When dad was in his early teens the cocoa and coffee industry saw a decline due partly to the stoppage of the train service through Tabaquite so farmers had no way of taking their crops to market and for export. My grandmother ended up selling the property and years of history and tradition escaped us.
Today we’re seeing a revival of growing cocoa in the Caribbean and it brings joy to my heart. I urge you to think about my dad’s story and support the local cocoa farmers and artisans who produce world renowned cocoa and chocolates. Before you reach for that prepackaged cocoa powder with your breakfast or that foreign packaged chocolate in the fancy boxes when you need your chocolate fix, try some of the products coming out of Trinidad and Tobago, Dominica, Grenada and St Lucia. We have a huge tradition of producing some of the best cocoa and coffee in the world and it would be a shame to see the industry not be recognized locally.
After a full day of hiking though many abandoned plantations (known as Estates in the Caribbean) we took the route which would take us through Knollys tunnel, a lasting memory of a once booming Agri industry. Tanty Placine had a wonderful dinner waiting for us but Ted and I were exhausted and didn’t have the energy for such a heavy meal, but we didn’t say no to another cup of that rich and creamy cup of cocoa tea we started the day with.
Hot Cocoa Tea (Recipe)
1/2 cup grated Cocoa, (grated from a cocoa stick)
2 cups water
2 cups evaporated milk (or reg milk)
1/3 Cup Condensed milk (sweetened)
1 teaspoon Vanilla Extract
1 Bay Leaf
1 stick Cinnamon
Pinch Nutmeg (freshly grated)
- Bring the water along with the cinnamon stick and bay leaf to a boil and allow to simmer for about 3 minutes.
- Add the grated cocoa powder to the pot and let that continue on a simmer for 4-5 minutes.
- Now add the evaporated milk and bring to the simmer.
- Turn off the heat, strain.
- Finish off by grating in the nutmeg, add the vanilla and sweeten with the condensed milk and give it a good whisk.

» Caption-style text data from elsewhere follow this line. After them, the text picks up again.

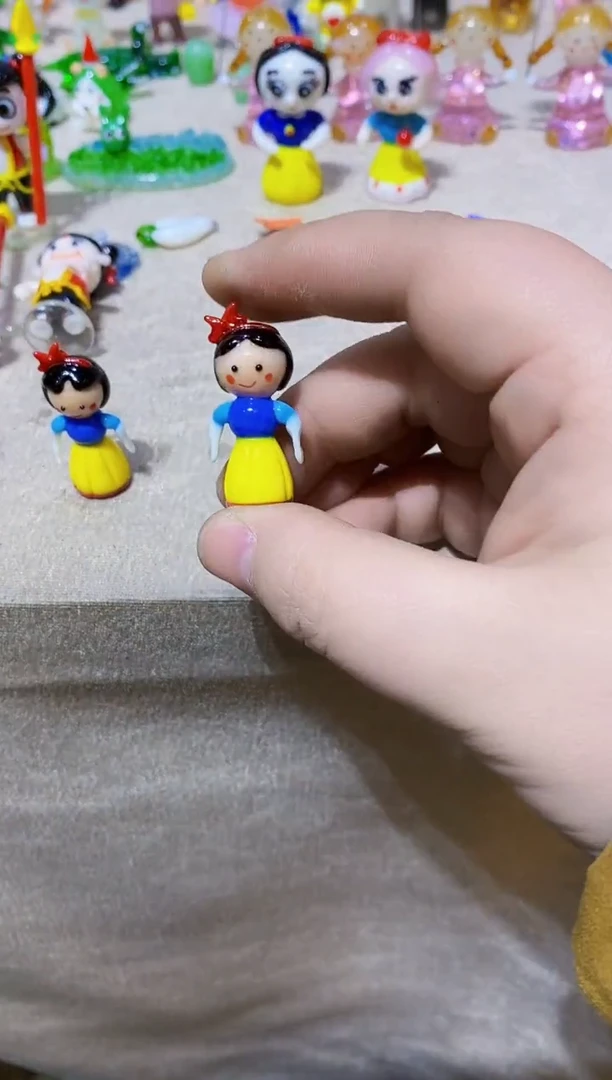 琉璃手工艺品白雪公主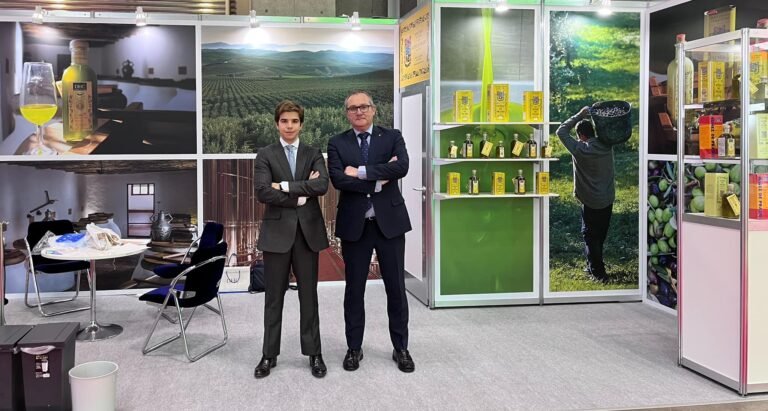 Núñez de Prado exhibe sus aceites de oliva virgen extra en la 50ª edición de la feria Foodex Japan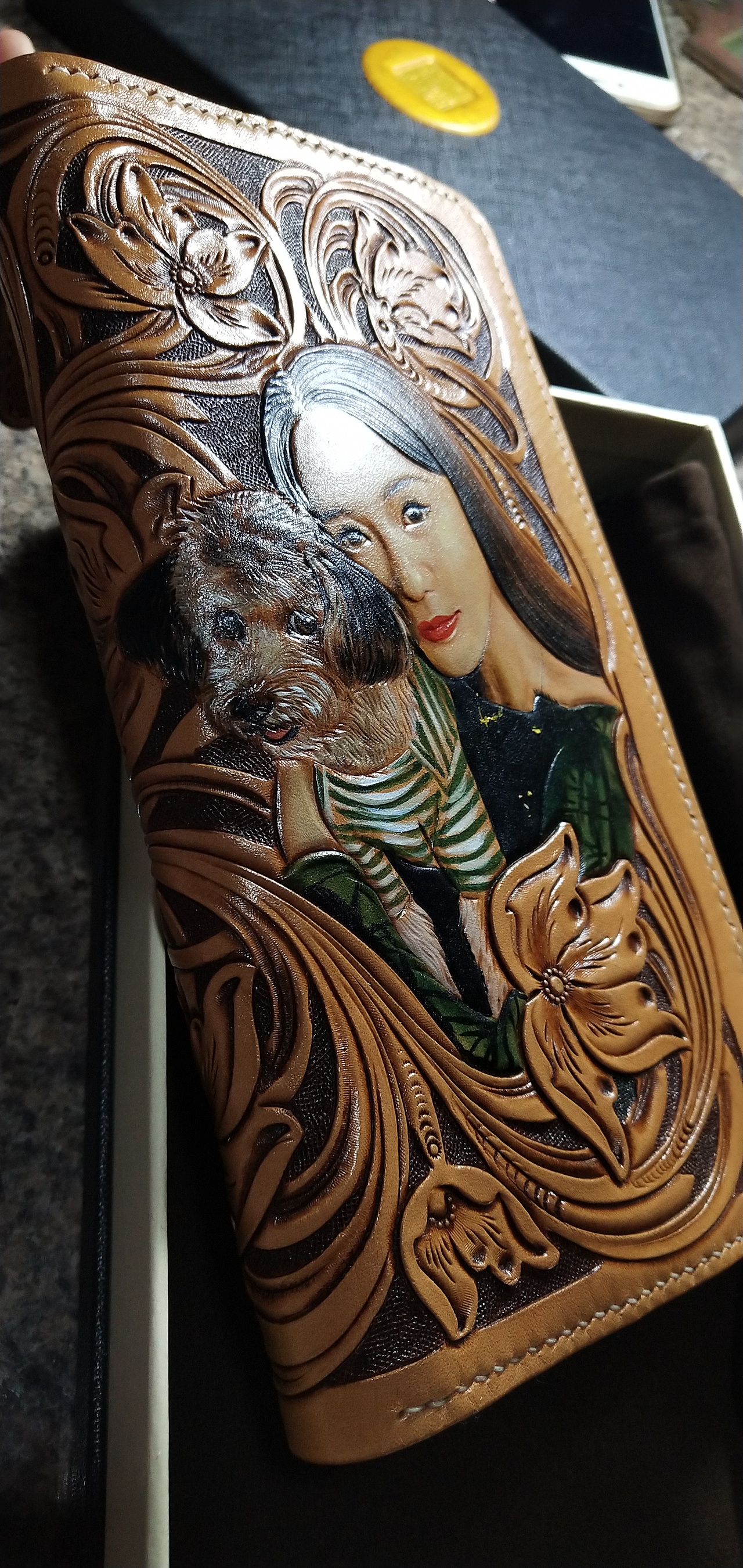 孟璐璐手工皮雕工作室皮雕人物手包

Did you know? Any hot drink consumed in the mornings in the Caribbean is considered a tea?
A visit to Tabaquite is well worth the drive as it’s home to Knollys tunnel,which was opened on August 20th 1898 and named after the Acting Governor Courtney Knollys. The tunnel has gone through some preservation work and the surrounding park-like area is a great spot for a picnic. I believe it’s the longest train tunnel in the Caribbean.
Best Cocoa in the world ,according to Chocolate factory here in Norway, comes from Trinidad and Tobago, and all the places you mentioned above. I went to the factory in Oslo to find some pure cocoa butter. Wich I have used fot removing pigment sports on my skin. I was in Tobago in 1998 and visited a cocoa plantation where a group of people was replanting the cocoa and I sure hope they succeded. Thanks for telling the story , and for all the wonderful food you share
We’re only now learning that our cocoa is very prized but major chocolate manufacturers. Much thanks for sharing your thoughts and for the kind support of my work.
You’ve brought back memories of the fee years I lived down los iros with my grandparents. Haven’t been home in 30 years and I don’t know what to expect.
Cocoa trees are also grown in Jamaica. My husband and I currently harvest ours to produce that excellent tea.
I remember my mother-in-law grating cocoa for tea, served with her incomparable bread. An August spent in Trindad one year meant a frequent nightly treat of cocoa tea, hops bread and avocados, in season and the best I’ve ever eaten.
This conversation reminds me of Mum’s boiled coffee. I can still see the pot on the stove simmering away, resulting in the best coffee ever, but no one has been able to give me a recipe to try to replicate it. Chris, do you know exactly how boiled coffee was made back in the day and, if so, would you kindly add the recipe to your index?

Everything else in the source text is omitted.